Post-16, he said, there had been warnings that splitting the subject into AS and A2 qualifications under the curriculum 2000 reforms would not work.
Progress in the subject was far from uniform. Many youngsters take a year to master a third of the concepts in the two-year course, before making much more progress in the second year.
Consequently the maths AS-level pass rate - 70 per cent - was much lower than that for other subjects, and the numbers opting to take the subject fell by 20 per cent the following year.
He said that there were worries about the small numbers taking the subject post-16, but "we have shot ourselves in the foot by a re-organisation which has led kids to vote with their feet".
Mr Smith's findings are expected to dovetail with a recommendation in this week's report from Mike Tomlinson that all students complete courses in maths, communication and information technology.

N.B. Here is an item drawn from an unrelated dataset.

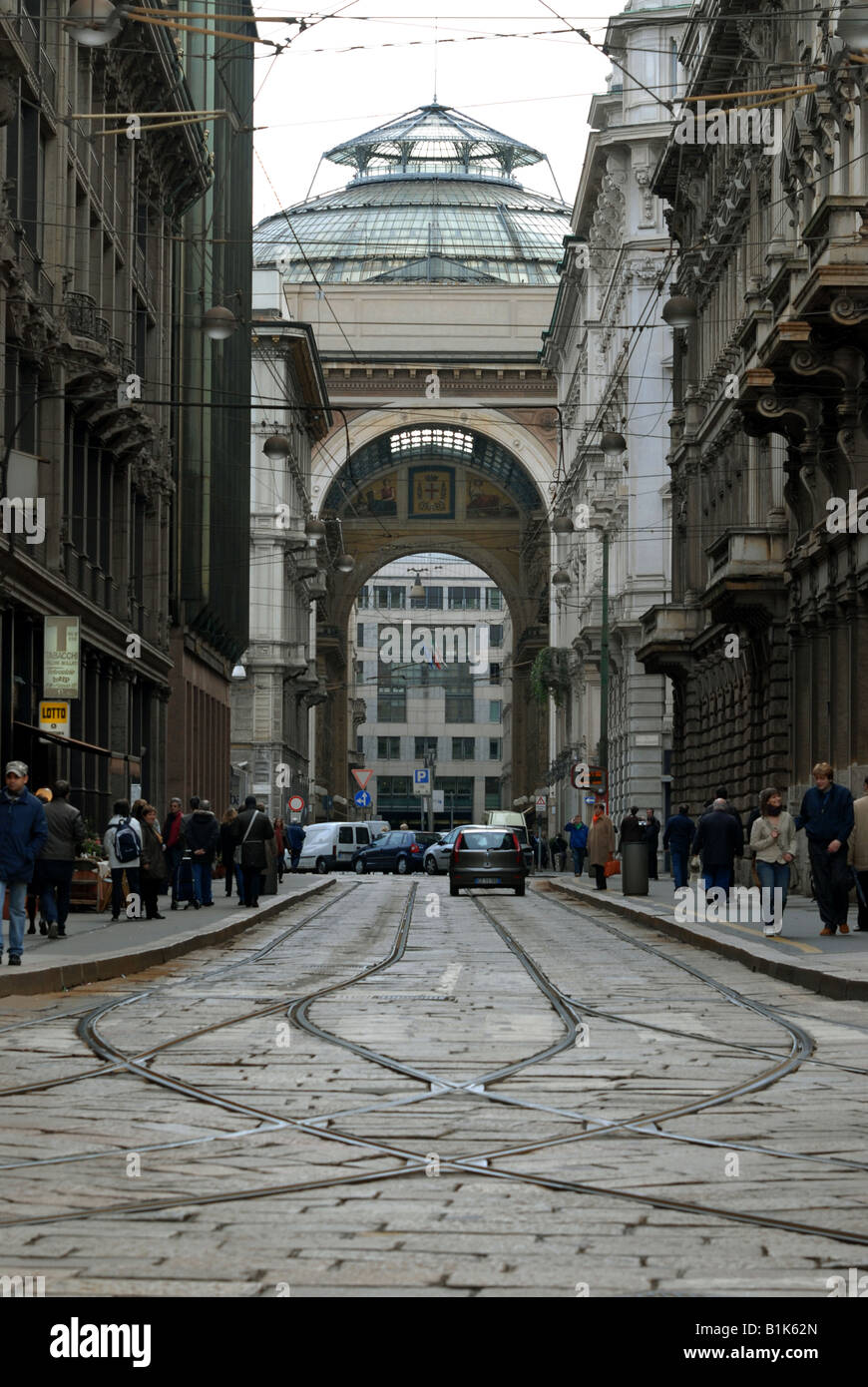 Galleria Vittorio Emanuele II come si vede in Via Tommaso Grossi da Piazza Cordusio, Milano, lombardia, italia. Foto Stock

Mr Smith has faced opposition within the profession for proposing that maths courses should be split up, some catering for youngsters needing only a functional grasp of the subject in later life, and others for those likely to pursue it academically.
But this is likely to be a key part of his report. The continuing shortfall of well-qualified maths teachers will also be a major theme.
It is likely that greater use of computer technology to help schools deal with teacher shortages will also feature.
Mr Smith has addressed the contentious issue of whether maths teachers should be paid more than colleagues to improve recruitment and retention.